There is one thing that hasn't been discussed often in my family and that is the salary question. I think I might have told my parents my starting salary at Target and maybe let my salary at Honeywell slip at one time. However, I have never once known what my parents made, which never concerned me as a kid, but now I find slightly surprising. It is one of those things that is not talked about and is a topic that makes my parents uncomfortable.
Why is that? Why is the topic of salary such a tough subject? The only reason I think it is such an important question is that people place so much importance on it. In some ways people can define themselves by their salary. They literally place their worth on what they are worth to a company. This shouldn't be the case for a number of reasons, but from a strictly financial perspective salary is only part of the total equation. Knowing someone's salary doesn't mean you know how much they spend, how much they save or what their parents have or have not provided for them. There are plenty of people that immediately come to mind who either don't have a salary or have a very small salary who live in expensive houses and go on wonderful trips.
One advantage to people sharing salary information is that it empowers you in salary negotiations with your current or future employer. If you know the going rate for someone of similiar background then you might be pleansantly surpised (your salary > friend) or might realize that you should ask for more money.

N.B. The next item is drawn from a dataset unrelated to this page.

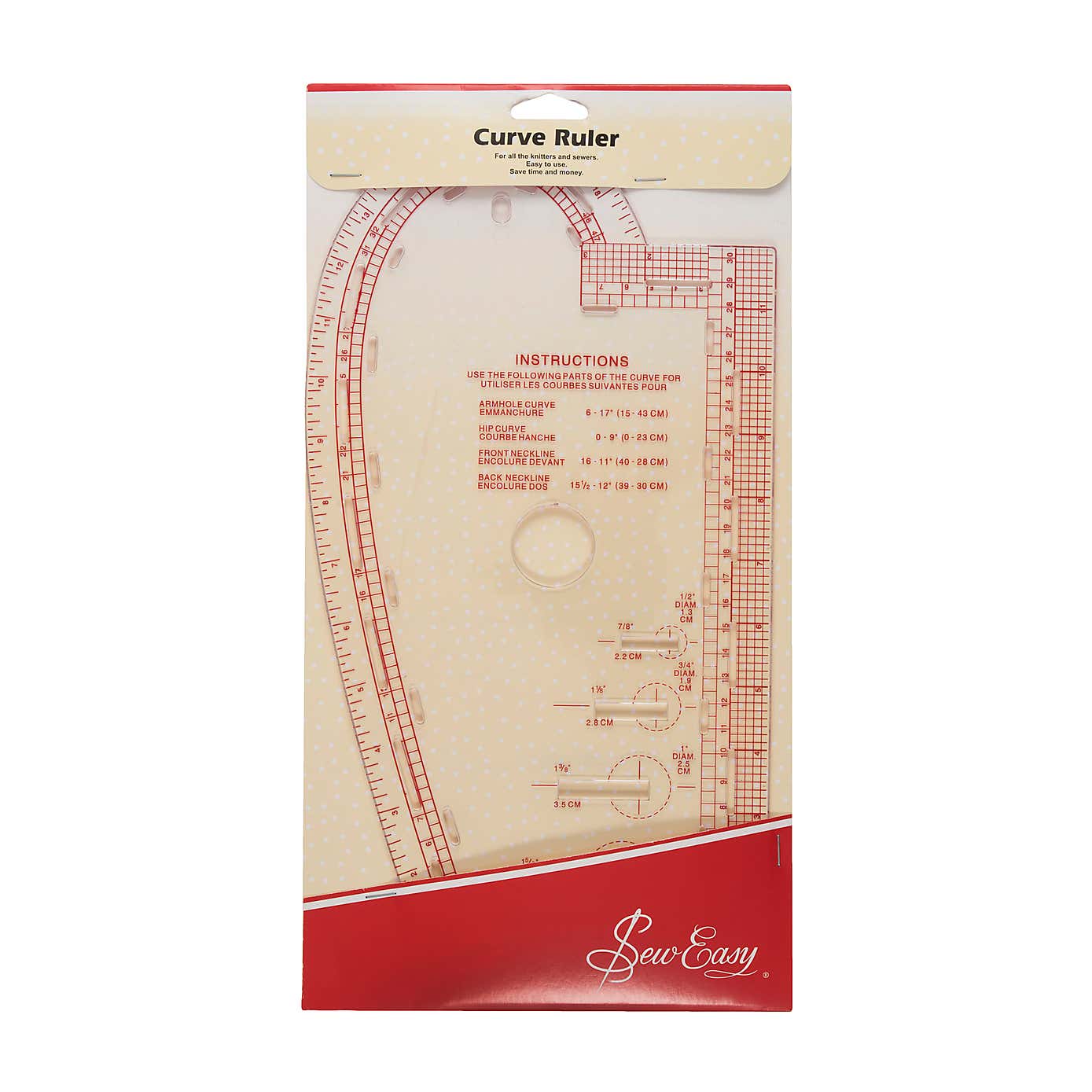 Rule Curved 13.875 x 7.375in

Of course the reason people don't do that is because of social norms. There aren't many people out there who want to make others uncomfortable. This is a real concern if the salary question might lead to answers of amounts that are very different. However, I think most of those amounts should be anticipated. A cashier at Taco Bell obviously makes less than than a dentist. If the difference is that large then it probably doesn't matter one bit if either knows each other's salary. Where it does make a difference is when people are in the same or similar fields. And for that I propose something unique: I will tell anyone who asks my salary as long as you also tell me your salary. I don't take great joy or discomfort in my salary and don't think I will have any problem disclosing that information to a trusted friend. Maybe I will? If I do have reservations then I will admit that I am wrong and as M would probably tell you that doesn't happen too often.